23.2.18

Pátria Amada

Por Joaquim Letria
A minha Pátria Amada não se pode circunscrever só à língua portuguesa. Alargando o território da Pátria, para nele caberem, a par da gramática, a liberdade e a justiça, posso então compreender o exílio em Lancelote  de José Saramago, o regresso tardio de Eduardo Lourenço, a persistência londrina de Paula Rego, o apego parisiense de Manuel Cargaleiro e as visitas ocasionais de António Damásio.
Só pela relação entre o mal que se sofre e o bem que sabe se pode entender completamente a injustiça de Luandino em Cerveira, Pepetela no Porto, Craveirinha em Sintra, Mia Couto em Lisboa. Também para eles a língua portuguesa não é uma Pátria Amada. É um instrumento que concede um visto consular. Não é uma certidão de nascimento narrativa completa. É uma gramática, uma sintaxe, uma arma branca para suportarem a retórica e resistirem às vicissitudes burocráticas dos revisores da História.  
Quando há anos Rosa Casaco, o inspector da polícia política da Ditadura, veio a Portugal e deu uma entrevista, a fingida indignação pela visita dum PIDE não foi verdadeira. Foi apenas a raivinha de quem se vê descoberto nas cumplicidades escondidas com que se compra a brancura dum passado mil vezes apagado a borracha e rescrito sobre o alvo corrector com que se borraram compromissos e esconderam indignidades.

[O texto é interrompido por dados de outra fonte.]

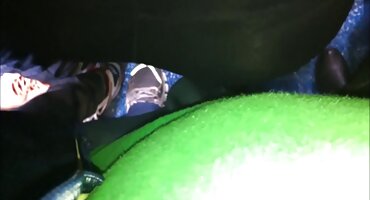 Čovjek u spavaćoj sobi masturbira Pička mladića hrvatski porno filmovi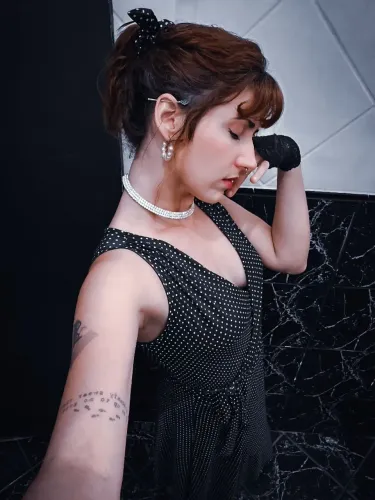 Vestido de bolinha preto e branco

Até agora foi como se o fascismo não tivesse existido. Os demónios são ainda o Gonçalvismo e o Cavaquismo, um e outro alibis de mau pagador, de arrependidos da História, de ”pintados de fresco”, de almocreves de regimes, de comissionistas do situacionismo de turno.
Reciclados em cursos intensivos, “work shops” e cursillos da política festiva, servis trintanários, subservientes serventuários de poderosos capazes de farejar as mudanças, jamais deixaram de se servir desse território que é a Pátria Amada, qualquer que sejam as regras gramaticais e o sotaque dominante. Nas línguas e dialectos com que se apresentem, por mais vítimas do gonçalvismo ou espoliados do cavaquismo que se arvorem e apresentem, nunca deixarão de ser os bastardos do fascismo. Muito simplesmente.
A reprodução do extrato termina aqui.